I live in an apartment house on a wide city boulevard with trash in the gutters and signs on the lampposts forbidding the parking of bicycles. The sidewalks are in fairly good shape. There are no trees to ruck them up — only now and then ragged saplings planted by the city, none of which ever manages to grow bigger than a large twig, I guess because of gasoline fumes. They die, and the bare sticks stand for two or three years, and then a city landscaping truck comes around and pulls up the dead baby tree and plants another doomed one. I’ve always wondered why bicycles aren’t allowed on my street. My wife says it’s because they look messy, but I don’t understand anyone who would worry about messy bicycles on a street with trash in the gutters, dead twigs sprouting, throngs of teenagers with hostile hairdos slouching between the Wendy’s and the record store across the street and at least one wino asleep on every corner. Now, the street where I sat down after dropping off the bus that day was neat, except maybe for the hillocky sidewalk. Bicycles chained to the trees might make a difference. On this street, there weren’t even any people to look messy. The only person I saw was, from the back, someone sitting on a bench at the bus stop a block and a half away. I couldn’t tell if it was a man or a woman, but it must have been a cripple, because I could see a pair of crutches propped against the bench and also a small dog on a leash.

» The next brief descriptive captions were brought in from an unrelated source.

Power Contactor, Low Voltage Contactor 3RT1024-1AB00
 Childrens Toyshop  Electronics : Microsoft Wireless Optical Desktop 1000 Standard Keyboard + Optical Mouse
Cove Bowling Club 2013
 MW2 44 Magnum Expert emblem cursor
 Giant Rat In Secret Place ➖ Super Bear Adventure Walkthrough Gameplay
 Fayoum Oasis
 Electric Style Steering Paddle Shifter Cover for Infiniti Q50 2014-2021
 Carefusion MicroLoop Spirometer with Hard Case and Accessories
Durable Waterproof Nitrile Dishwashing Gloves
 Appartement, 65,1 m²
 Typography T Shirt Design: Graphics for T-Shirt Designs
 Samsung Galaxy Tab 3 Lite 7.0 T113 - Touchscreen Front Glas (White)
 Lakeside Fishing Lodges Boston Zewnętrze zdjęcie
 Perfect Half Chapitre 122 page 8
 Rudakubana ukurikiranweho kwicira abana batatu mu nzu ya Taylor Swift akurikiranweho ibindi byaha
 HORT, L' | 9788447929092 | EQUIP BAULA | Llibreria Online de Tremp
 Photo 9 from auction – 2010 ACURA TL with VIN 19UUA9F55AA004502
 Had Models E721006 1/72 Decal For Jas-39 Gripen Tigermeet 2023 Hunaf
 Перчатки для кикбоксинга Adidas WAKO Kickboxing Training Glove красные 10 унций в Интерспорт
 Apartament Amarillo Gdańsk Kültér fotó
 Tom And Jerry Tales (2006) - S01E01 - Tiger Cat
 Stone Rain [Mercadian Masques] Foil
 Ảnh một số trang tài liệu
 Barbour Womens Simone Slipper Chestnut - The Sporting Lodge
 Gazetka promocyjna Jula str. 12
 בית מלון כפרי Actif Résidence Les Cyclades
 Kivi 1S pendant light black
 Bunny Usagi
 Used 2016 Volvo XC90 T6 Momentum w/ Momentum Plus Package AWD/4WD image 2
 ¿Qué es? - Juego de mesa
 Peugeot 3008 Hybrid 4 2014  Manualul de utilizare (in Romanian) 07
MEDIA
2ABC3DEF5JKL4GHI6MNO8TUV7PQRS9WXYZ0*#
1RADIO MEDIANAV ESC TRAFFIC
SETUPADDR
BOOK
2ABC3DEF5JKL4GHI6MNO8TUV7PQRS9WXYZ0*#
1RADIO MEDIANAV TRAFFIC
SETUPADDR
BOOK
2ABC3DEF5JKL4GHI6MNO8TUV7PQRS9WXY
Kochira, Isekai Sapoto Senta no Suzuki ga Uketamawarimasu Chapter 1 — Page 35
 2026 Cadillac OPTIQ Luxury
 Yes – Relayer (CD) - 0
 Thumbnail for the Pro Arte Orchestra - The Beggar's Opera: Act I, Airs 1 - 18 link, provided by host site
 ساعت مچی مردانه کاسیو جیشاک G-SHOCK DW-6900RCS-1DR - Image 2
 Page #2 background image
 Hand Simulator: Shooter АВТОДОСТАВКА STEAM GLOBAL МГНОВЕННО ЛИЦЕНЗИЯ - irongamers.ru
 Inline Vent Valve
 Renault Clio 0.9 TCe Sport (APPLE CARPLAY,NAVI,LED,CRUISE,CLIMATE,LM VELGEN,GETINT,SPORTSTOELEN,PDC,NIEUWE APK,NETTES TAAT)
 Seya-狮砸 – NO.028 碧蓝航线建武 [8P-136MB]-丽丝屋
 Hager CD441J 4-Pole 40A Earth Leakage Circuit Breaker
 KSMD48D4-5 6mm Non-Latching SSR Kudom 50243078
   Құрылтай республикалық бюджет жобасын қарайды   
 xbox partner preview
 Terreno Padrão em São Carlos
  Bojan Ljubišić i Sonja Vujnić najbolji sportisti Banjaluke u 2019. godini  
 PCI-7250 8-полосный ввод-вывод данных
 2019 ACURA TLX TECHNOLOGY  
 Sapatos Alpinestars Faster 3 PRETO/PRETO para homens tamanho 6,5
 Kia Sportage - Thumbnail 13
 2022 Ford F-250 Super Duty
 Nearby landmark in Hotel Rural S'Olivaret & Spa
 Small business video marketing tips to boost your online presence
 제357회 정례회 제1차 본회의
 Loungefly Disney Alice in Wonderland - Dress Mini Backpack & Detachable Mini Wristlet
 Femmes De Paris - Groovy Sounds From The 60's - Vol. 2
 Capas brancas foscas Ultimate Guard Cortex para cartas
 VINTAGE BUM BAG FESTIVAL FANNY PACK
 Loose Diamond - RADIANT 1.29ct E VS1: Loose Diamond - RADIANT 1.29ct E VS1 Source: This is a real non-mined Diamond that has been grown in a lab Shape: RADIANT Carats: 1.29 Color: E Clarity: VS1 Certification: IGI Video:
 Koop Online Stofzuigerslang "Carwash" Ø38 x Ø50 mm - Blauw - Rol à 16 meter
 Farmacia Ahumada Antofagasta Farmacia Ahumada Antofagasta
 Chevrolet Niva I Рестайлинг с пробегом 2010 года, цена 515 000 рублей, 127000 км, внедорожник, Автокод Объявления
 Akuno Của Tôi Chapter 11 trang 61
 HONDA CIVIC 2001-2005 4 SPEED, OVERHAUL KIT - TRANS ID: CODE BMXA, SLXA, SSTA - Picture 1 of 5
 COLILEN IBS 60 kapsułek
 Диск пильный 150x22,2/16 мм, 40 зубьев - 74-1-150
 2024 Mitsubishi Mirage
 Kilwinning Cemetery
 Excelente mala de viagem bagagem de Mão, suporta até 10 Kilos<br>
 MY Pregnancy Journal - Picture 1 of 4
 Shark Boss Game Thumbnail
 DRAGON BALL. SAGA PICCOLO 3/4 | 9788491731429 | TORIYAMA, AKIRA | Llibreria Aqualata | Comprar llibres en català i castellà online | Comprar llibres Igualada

My wife is a phony. That’s why she understands about the bicycles. That’s also why I had to get off the bus. I couldn’t stand that bus driver yelling about love. On that day, I was completely fed up with phonies. My wife rides her bike to her health club, which happens to be on the same street we live on, ten blocks down; she pays a dollar to park her bike in an underground parking lot, with all the cars, because of the signs that say you can’t chain a bike on the boulevard. Then she goes high upstairs where the view is airy, and she sits on machines that move her muscles. She’s afraid of the truth. She wears antiperspirant all the time, and she returns from the health club smelling bitterly of lavender. She doesn’t like to shower there because she would have to take too much stuff with her on the bike, so she comes home in her sweat clothes, her sweat glands choked with perfume. Her body looks the way she wants it to —small and hard.